It was the "dish" (referring to a young lady at a cocktail party) comments that brought the issue to the fore and had "Neptune's Notes" lambasted in the press back in the early 90s.  In fact, the emphasis in that part of the book was again that gentlemen officers should treat all ladies with respect.  We have to remember that this was written in a different time with different values.  This was a time when society as a whole divided men and women into distinctly different roles.  If were going to condemn Neptune's Notes, we should also be campaigning to have "Mad Men" taken off the air because of the way it portrays women.  The fact that that is the way women were treated in the 1960s corporate world would be irrelevant.


----------



## Grinton (31 Aug 2010)

With a great deal of pleasure I managed to find a copy of this in pdf from the HMCS Venture website. 
I'm not sure if this is the best version, but it seems to be the best we've got so far. 
http://www.hmcsventure.com/Venture_NeptuneNotes.pdf
Hopefully someone has a better version if this is the "new" one.
It's still a decent read though.


----------



## Lex Parsimoniae (31 Aug 2010)

That looks like the version I got issued at NOTC nearly 20 years ago although the font has been updated so it may have been re-typed.


----------



## Pusser (1 Sep 2010)

This looks like it's been abbreviated.  No mention of port visits.


----------



## quadrapiper (1 Sep 2010)

I too would like a copy, if and when something gets scanned - and would be willing to scan/type up from hardcopy in Vic.


----------



## kratz (1 Sep 2010)

quadrapiper said:
			
		

> I too would like a copy, if and when something gets scanned - and would be willing to scan/type up from hardcopy in Vic.



*Hint* see reply # 26


----------



## IPA (2 Sep 2010)

Great find and certainly a good read..

...Still a step away from the real deal however. While looking through it, all I could think about was what a previous poster stated- Venture bowed to pressure years back and created a second (more PC) edition of Neptune's Notes (this one) which had many of its more colourful chapters gutted and much of its realistically salty language "updated". Typical move, but disappointing none the less.
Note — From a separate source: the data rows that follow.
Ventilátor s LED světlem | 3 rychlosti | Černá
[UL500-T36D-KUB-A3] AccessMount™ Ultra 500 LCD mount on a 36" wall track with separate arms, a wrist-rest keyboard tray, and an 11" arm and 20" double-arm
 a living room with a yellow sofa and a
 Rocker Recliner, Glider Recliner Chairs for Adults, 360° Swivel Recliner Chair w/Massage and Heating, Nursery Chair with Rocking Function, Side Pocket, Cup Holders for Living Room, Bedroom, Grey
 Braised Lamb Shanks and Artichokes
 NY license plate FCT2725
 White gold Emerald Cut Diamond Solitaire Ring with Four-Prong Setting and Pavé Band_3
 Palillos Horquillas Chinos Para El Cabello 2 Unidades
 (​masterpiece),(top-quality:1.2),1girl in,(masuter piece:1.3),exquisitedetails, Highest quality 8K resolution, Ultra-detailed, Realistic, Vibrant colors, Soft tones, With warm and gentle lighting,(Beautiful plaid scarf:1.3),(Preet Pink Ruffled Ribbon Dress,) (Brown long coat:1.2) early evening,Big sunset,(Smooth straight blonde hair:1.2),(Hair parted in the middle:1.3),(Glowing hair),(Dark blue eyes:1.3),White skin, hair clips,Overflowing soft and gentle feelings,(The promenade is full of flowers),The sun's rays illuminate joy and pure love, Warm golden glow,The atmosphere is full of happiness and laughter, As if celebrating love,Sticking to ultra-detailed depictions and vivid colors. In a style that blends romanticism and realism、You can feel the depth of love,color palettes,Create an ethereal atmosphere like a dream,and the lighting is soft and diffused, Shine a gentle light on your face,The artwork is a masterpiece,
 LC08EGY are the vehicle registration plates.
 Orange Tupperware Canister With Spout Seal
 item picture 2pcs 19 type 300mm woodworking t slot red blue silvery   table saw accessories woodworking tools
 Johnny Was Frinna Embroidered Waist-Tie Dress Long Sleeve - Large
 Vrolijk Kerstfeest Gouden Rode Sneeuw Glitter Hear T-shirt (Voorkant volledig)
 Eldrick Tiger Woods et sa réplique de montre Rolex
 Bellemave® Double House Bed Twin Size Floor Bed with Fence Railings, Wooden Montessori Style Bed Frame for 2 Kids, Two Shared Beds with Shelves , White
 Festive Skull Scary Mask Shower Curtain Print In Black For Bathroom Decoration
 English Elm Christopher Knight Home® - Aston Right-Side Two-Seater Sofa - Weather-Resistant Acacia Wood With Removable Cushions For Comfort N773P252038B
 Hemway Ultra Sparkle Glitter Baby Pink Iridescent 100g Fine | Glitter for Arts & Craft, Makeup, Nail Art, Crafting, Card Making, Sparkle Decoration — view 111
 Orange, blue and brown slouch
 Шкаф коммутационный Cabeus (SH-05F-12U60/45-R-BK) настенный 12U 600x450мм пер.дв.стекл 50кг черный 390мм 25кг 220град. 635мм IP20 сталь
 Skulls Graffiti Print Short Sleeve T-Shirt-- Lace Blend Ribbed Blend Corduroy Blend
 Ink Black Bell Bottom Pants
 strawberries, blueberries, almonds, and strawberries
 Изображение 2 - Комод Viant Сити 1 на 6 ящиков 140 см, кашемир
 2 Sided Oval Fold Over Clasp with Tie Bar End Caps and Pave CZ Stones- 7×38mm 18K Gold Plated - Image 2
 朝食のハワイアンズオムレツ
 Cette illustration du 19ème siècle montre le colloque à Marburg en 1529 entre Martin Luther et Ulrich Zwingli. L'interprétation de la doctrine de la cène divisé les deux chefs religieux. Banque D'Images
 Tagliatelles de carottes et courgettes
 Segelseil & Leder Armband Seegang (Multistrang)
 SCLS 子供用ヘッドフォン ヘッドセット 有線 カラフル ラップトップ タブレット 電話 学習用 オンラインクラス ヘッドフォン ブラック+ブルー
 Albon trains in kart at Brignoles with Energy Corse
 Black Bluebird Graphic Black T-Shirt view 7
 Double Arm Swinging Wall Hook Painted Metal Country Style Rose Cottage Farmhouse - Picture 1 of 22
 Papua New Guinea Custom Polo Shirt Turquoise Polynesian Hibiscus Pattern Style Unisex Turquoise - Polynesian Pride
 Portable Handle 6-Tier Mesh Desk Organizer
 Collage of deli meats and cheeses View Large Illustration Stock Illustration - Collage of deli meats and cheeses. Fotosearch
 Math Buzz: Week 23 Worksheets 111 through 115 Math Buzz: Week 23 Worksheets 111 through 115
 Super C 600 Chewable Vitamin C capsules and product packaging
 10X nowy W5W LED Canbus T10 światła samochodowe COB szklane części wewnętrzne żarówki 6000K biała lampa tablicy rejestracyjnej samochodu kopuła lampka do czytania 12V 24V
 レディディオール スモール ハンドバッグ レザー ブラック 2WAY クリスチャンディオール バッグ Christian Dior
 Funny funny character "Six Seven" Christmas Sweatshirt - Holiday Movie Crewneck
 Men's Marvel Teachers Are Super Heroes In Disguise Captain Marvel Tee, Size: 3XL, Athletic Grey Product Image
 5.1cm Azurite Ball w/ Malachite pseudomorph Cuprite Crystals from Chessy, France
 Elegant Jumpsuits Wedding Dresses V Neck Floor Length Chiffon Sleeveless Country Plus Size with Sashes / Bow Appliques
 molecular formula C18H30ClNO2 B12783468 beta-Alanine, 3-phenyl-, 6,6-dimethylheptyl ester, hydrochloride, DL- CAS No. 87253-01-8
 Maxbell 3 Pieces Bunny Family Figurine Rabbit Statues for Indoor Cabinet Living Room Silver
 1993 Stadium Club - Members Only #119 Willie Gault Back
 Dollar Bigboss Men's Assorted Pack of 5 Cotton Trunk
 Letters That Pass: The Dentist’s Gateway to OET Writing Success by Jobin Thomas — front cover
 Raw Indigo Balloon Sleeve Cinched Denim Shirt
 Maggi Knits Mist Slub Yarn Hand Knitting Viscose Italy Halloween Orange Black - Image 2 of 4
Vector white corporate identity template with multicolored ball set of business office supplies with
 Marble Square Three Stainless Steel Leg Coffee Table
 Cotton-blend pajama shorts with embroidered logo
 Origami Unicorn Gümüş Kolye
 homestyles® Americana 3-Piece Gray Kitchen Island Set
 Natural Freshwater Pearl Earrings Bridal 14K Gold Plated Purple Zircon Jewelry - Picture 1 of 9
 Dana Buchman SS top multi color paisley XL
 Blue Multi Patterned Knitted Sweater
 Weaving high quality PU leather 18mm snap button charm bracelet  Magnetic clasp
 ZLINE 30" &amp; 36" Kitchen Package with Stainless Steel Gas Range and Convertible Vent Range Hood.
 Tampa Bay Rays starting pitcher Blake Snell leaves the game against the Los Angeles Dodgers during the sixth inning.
I'm beginning to think a dogeared paper copy (gasp, not .pdf) might be my only option.


----------



## EpicBeardedMan (2 Sep 2010)

Grinton said:
			
		

> With a great deal of pleasure I managed to find a copy of this in pdf from the HMCS Venture website.
> I'm not sure if this is the best version, but it seems to be the best we've got so far.
> http://www.hmcsventure.com/Venture_NeptuneNotes.pdf
> Hopefully someone has a better version if this is the "new" one.
> It's still a decent read though.



Thanks for the upload Grinton.  ;D


----------



## Michael OLeary (2 Sep 2010)

Now available on-line at The Regimental Rogue, alongside The Senior Subaltern's guidance for young officers.

Neptune's Notes


----------



## Grinton (2 Sep 2010)

Alright, so I've sent out a bunch of emails to various museums (I'll let you know if they find anything) and I've searched countless university libraries and the NDHQ library and still have not found anything.  Which means that the only place ;eft for someone to find a copy is buried in their basement.  SaddlyI'm the first in my familly to join the CF so I know there's nothing in my basement, but maybe some of you can find something?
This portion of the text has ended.